** Data extract follows **
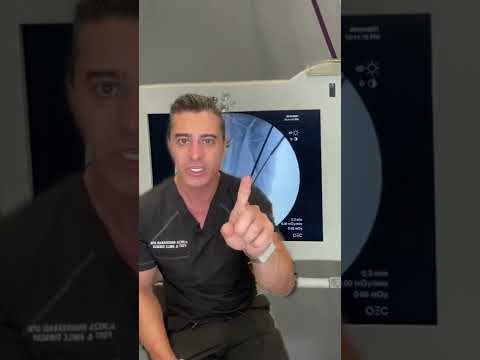 Can I operate on Bunions, with a C-ARM?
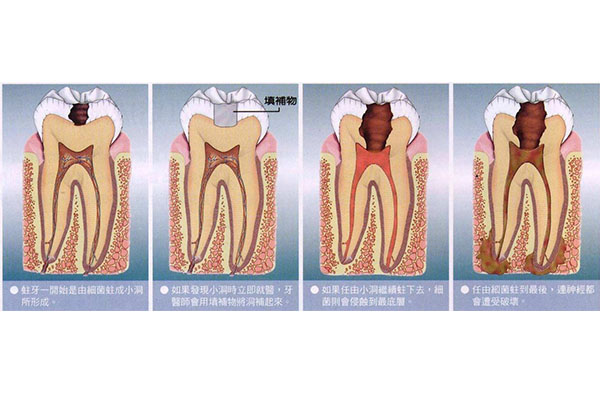 3岁宝宝蛀牙怎么办有洞了经常牙痛吃什么药(3岁宝宝蛀牙怎么办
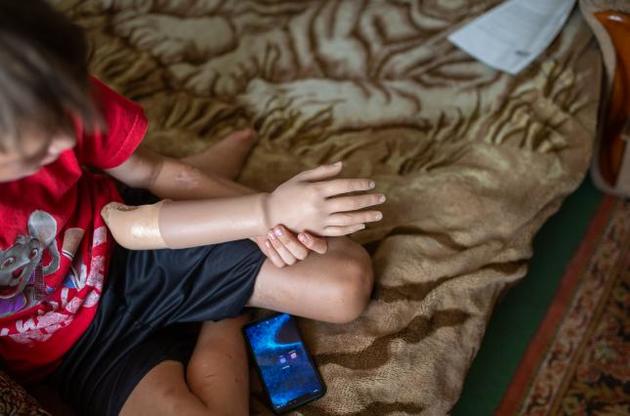 Потерпілі часто не мають постійного доступу до медичної, психологічної допомоги та комплексної реабілітації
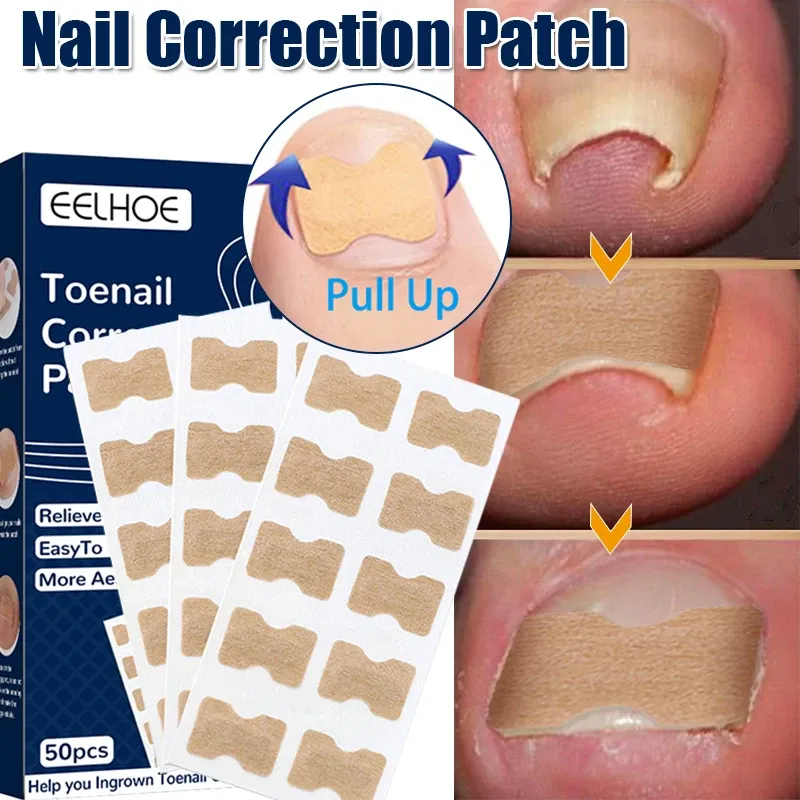 Treatments 50pcs Nail Correction Stickers Ingrown Toenail Paronychia Treatment Corrector Waterproof Elastic Painless Patches Pedicure Tools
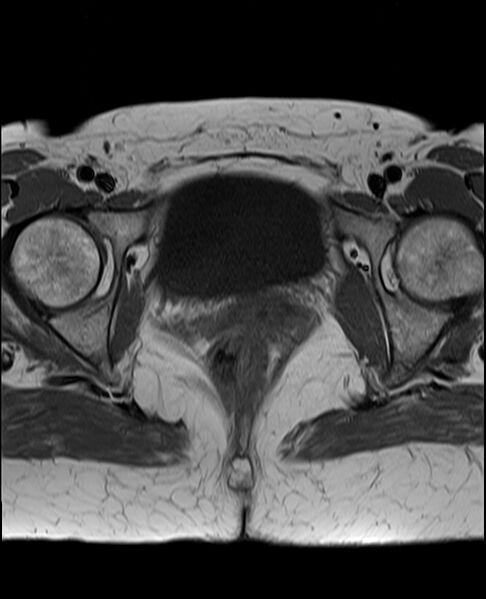 File:Adult granulosa cell tumor of the ovary (Radiopaedia 71581-81950 Axial T1 21).jpg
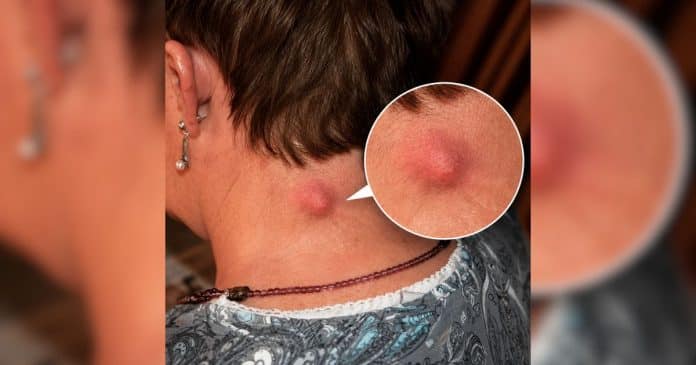 Essas bolinhas na pele parecem acne, mas podem indicar outro problema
** End of Data extract **
What to do: Please transcribe, with no additions, the lines starting at the one that contains "Treatments 50pcs Nail" and running through the last line of the entries, inclusive. Leave the pictures out.

Solution below:
 Treatments 50pcs Nail Correction Stickers Ingrown Toenail Paronychia Treatment Corrector Waterproof Elastic Painless Patches Pedicure Tools
 File:Adult granulosa cell tumor of the ovary (Radiopaedia 71581-81950 Axial T1 21).jpg
 Essas bolinhas na pele parecem acne, mas podem indicar outro problema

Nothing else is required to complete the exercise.